Will you quote precisely the lines that run from the top of the material below to the line containing "Inaisce Black Coated", both ends included?

START DATA EXCERPTS

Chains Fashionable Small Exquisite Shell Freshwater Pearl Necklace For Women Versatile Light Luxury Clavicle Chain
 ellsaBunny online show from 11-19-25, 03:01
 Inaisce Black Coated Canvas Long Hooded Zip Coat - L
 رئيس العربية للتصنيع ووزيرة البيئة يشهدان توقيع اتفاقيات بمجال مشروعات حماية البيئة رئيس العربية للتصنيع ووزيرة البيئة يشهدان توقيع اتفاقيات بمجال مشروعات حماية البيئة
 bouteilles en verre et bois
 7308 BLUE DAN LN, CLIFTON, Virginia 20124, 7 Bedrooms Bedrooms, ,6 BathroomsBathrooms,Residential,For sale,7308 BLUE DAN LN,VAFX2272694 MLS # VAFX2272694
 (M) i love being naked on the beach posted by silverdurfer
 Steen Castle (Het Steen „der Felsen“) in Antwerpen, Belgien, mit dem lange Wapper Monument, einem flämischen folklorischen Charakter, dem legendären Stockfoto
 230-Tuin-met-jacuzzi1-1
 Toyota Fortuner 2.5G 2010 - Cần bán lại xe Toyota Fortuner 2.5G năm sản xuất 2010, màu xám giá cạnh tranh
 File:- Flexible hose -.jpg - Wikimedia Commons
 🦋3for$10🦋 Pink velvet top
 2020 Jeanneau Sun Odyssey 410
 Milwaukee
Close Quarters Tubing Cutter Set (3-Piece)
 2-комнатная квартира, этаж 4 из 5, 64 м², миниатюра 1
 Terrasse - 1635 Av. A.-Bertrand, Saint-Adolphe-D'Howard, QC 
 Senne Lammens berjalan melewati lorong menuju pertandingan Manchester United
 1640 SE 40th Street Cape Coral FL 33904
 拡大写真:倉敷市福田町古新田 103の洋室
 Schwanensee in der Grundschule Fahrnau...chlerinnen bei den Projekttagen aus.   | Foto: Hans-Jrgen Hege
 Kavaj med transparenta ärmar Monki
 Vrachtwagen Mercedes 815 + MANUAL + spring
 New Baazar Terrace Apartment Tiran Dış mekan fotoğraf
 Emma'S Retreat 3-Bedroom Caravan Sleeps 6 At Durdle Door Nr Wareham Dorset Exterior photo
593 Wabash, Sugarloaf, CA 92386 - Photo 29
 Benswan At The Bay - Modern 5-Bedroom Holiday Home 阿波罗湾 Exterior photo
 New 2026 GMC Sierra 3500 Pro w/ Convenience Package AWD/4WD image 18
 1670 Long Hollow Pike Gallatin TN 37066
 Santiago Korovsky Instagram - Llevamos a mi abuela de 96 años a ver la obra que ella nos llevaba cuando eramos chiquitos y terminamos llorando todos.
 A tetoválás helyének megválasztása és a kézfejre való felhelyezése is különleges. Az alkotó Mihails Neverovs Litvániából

END DATA EXCERPTS

◆ TASK RESULT:
Chains Fashionable Small Exquisite Shell Freshwater Pearl Necklace For Women Versatile Light Luxury Clavicle Chain
 ellsaBunny online show from 11-19-25, 03:01
 Inaisce Black Coated Canvas Long Hooded Zip Coat - L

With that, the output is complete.